Efforts to help vets find work spread in Florida
One of the big issues that many veterans face after they leave the service is that they sometimes have difficulty finding work. This issue can create myriad problems for anyone, let alone vets who may not have enough experience in civilian life, or could have mental or physical problems that further hamper their chances. With this in mind, more is now being done on the part of many organizations - including those within the government - to improve veterans' work prospects.
This is especially true in the state of Florida, where one lawmaker recently filed a bill in the state legislature to help ensure vets have ample access to employment opportunities in the Sunshine State, according to a report from the Miami Herald. Specifically, SB 152 would extend sizable grants - totaling $10 million over a period of several years - to small businesses that hire veterans, in particular.
A closer look at the proposal
Specifically, the distributed grants could total as much as $900,000 per year, the report said. Under the program, small businesses would receive $3,000 for hiring a veteran and $5,000 for hiring a veteran with disabilities. The group Florida Is For Veterans would administer these grants.

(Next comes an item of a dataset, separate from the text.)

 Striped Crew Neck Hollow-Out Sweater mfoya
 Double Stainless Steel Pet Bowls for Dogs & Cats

No small business would be able to receive more than $25,000 in grants in any given year, the report said. The bill, advanced by state Sen. Rene Garcia - a Republican representing Hialeah - will not be voted on until the Florida Senate opens its next legislative session in early 2017.
Other efforts underway
Meanwhile, while it's certainly a good idea to encourage companies to hire veterans, it's also important to make sure former service members have all the skills necessary to enter the workforce and have that transition be as smooth as possible, according to a report from the Lakeland Ledger. That includes everything from the training they will need to actually perform jobs in their fields of interest to something as simple as putting together a resume and learning basic job interview skills.
To that end, Lakeland resident Susannah Wesley-Ahlschwede recently started a nonprofit called Battlefield to Boardroom, which provides many of these necessary services to vets in the area at no cost, the report said. The organization only began in May and has assisted 74 veterans so far. Of that group, nearly half already have jobs as a direct result of the assistance they received. Vets who have gone through the program say it's a real difference-maker in their job searches.

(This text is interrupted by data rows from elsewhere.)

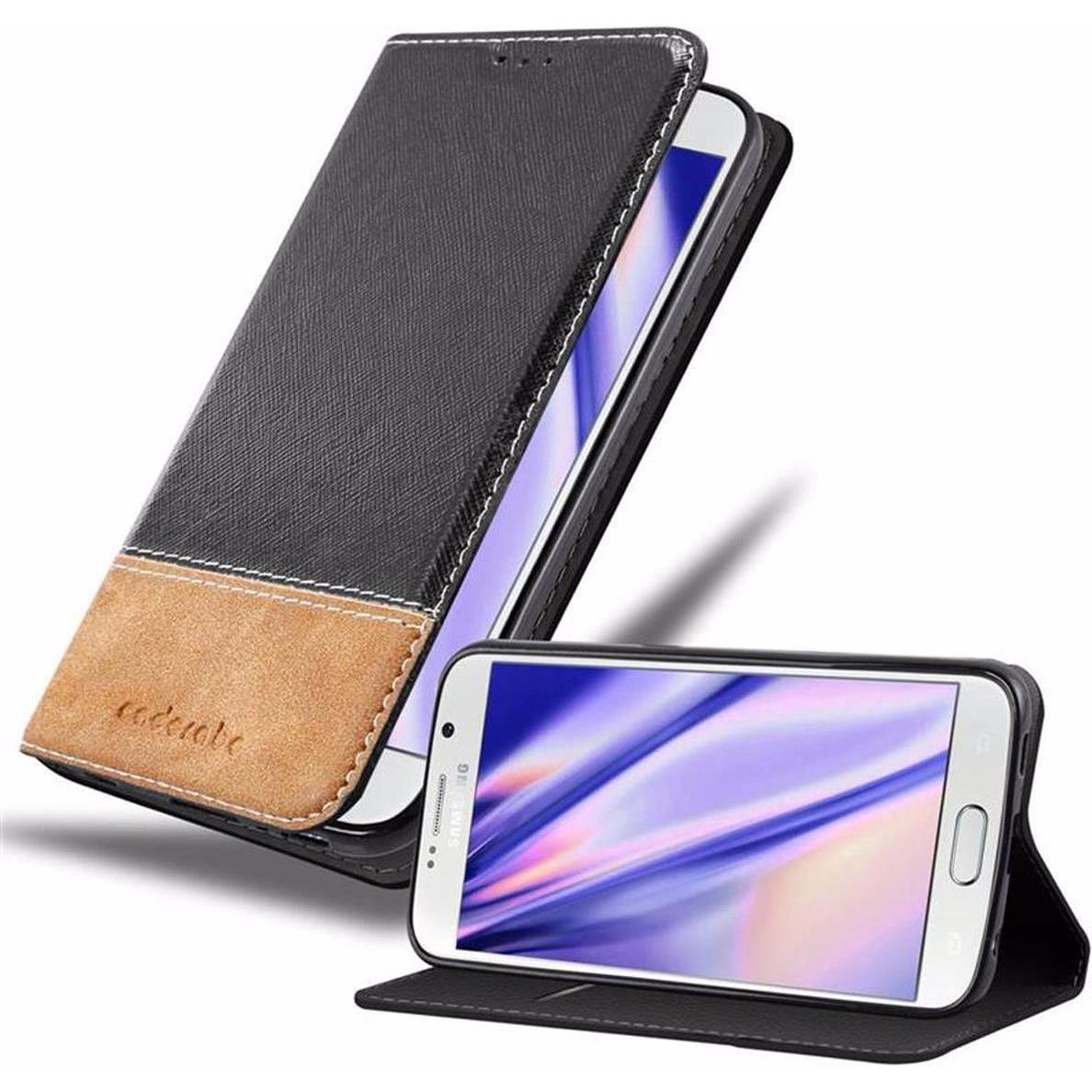 Cadorabo Book X-Wallet Cover (Samsung Galaxy S6), Smartphone Hülle, Schwarz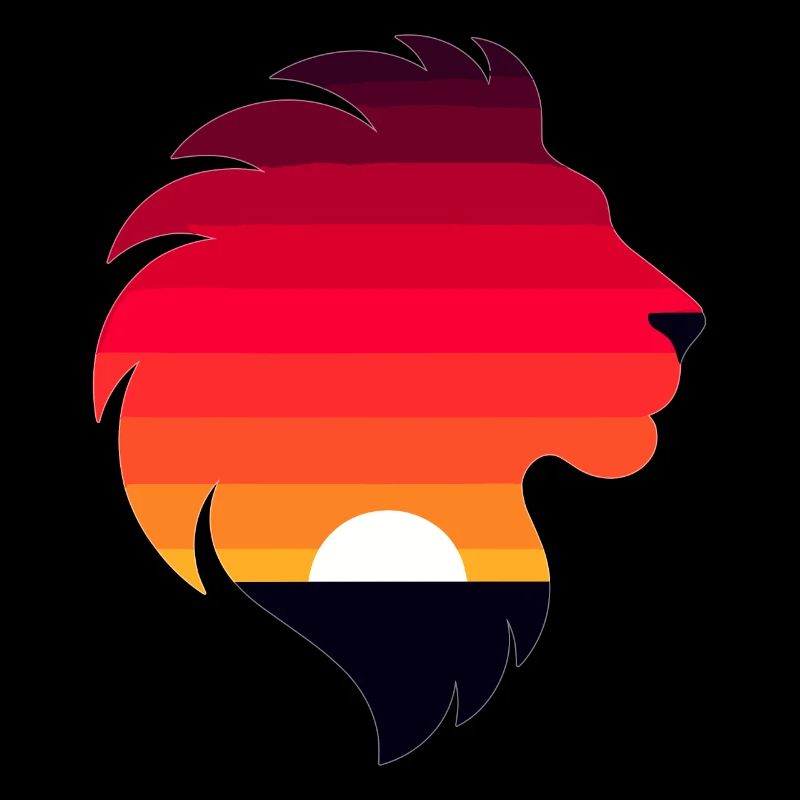 Silhouette d’un lion avec coucher de soleil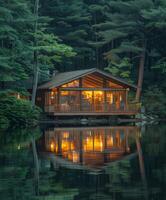 A cabin surrounded by trees on a lake photo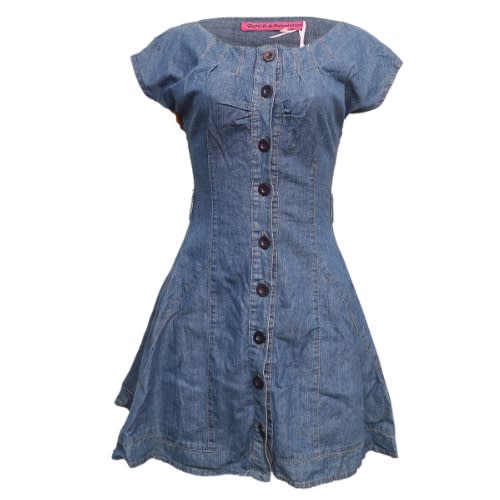 Buttoned Down Flare Jean Dress -blue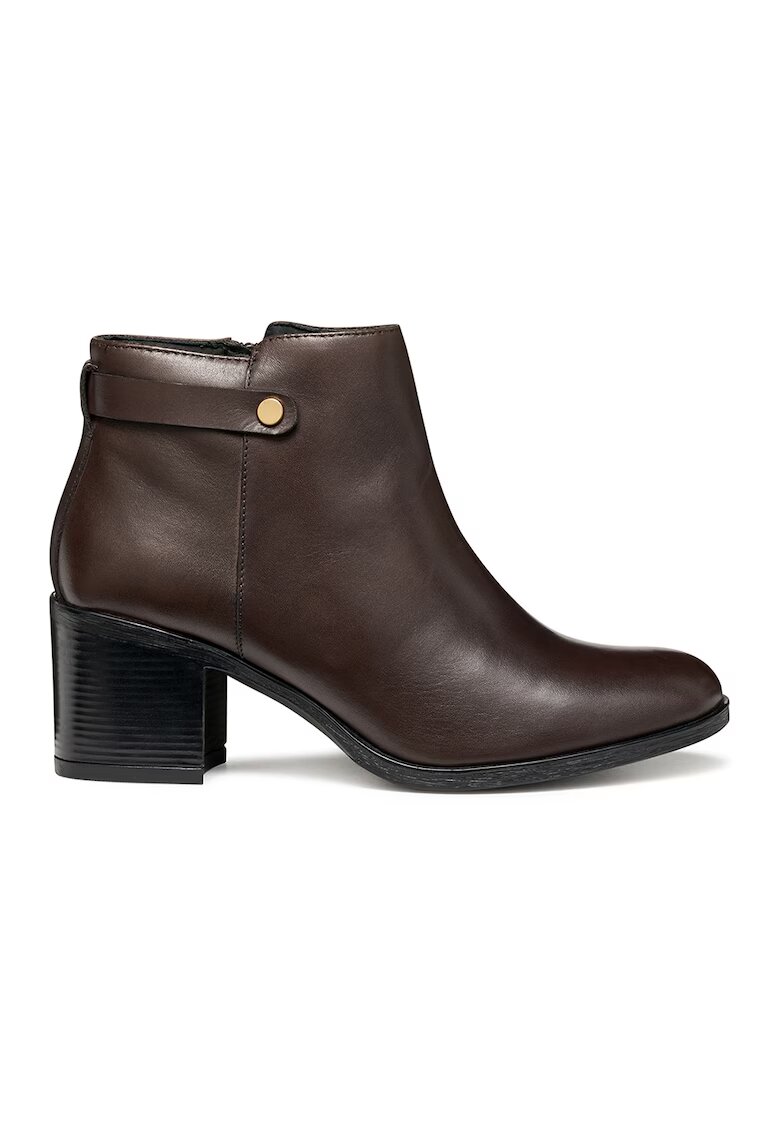 Geox Botine de piele cu toc masiv - Maro inchis
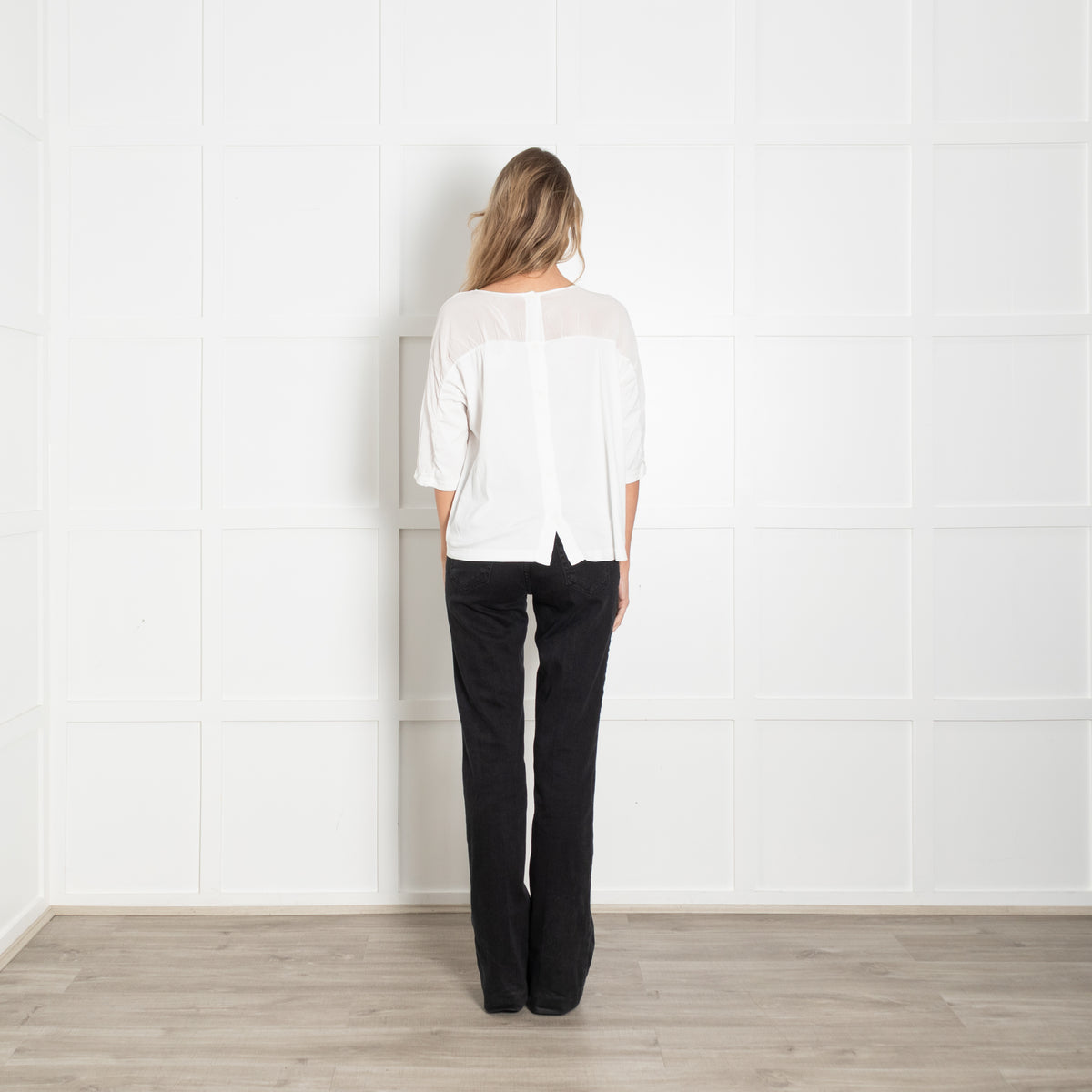 Transit White Stretch Crepe Back Button Blouse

"This is so good because it's really needed," Adam Winchester, a local veteran who now serves on the board for Battlefield to Boardroom, told the newspaper. "I have known so many guys who thought they were going to get out and get great jobs but couldn't because their resumes weren't strong enough."
Often, the process starts with vets just writing down the skills they acquired during their military service and the kinds of jobs they did, the report said. Then, the organization works to find local job openings that line up with those needs.

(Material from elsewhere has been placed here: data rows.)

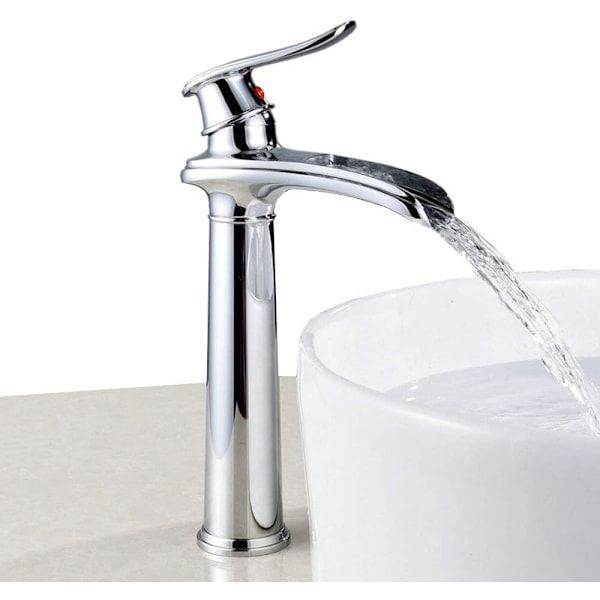 Chrome Basin Hane Vandfald Blandebatteri til Badeværelse (Top)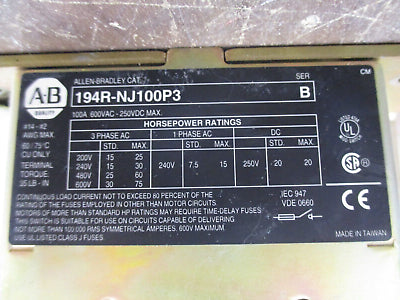 Allen-Bradley Fusible Disconnect Switch 194R-NJ100P3 Ser. B 100A 600V 3Ph Used
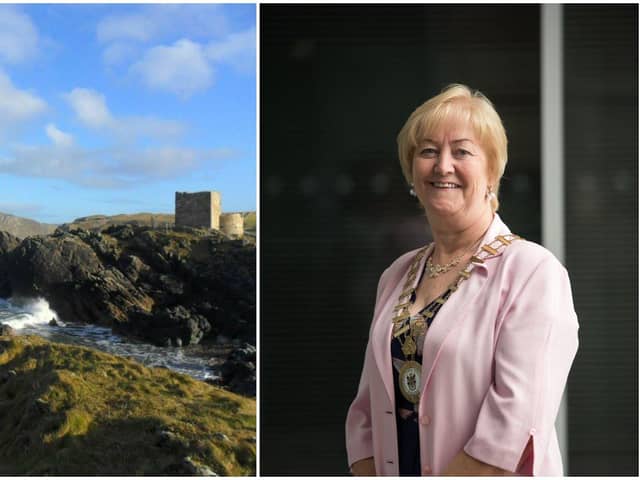 Cathaoirleach of Donegal County Council, Councillor Rena Donaghey has welcomed the budget, which will include a new fund to develop Donegal's tourism and staycationing in 2021. Left; Carrickabraghey Castle, Isle of Doagh.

This kind of service is crucial because many younger veterans, in particular, can struggle to find work, the report said. The most recent data shows that vets who served after 2001 have an unemployment rate of 5.8 percent, significantly higher than the national average. That leaves about 150,000 without jobs but actively looking for work, while many more have likely just given up the search.
Veterans often prove to be dedicated and fastidious workers who stand out among their peers, so all it may take is a little encouragement for businesses and assistance for the former service members themselves to make successful, lasting job connections.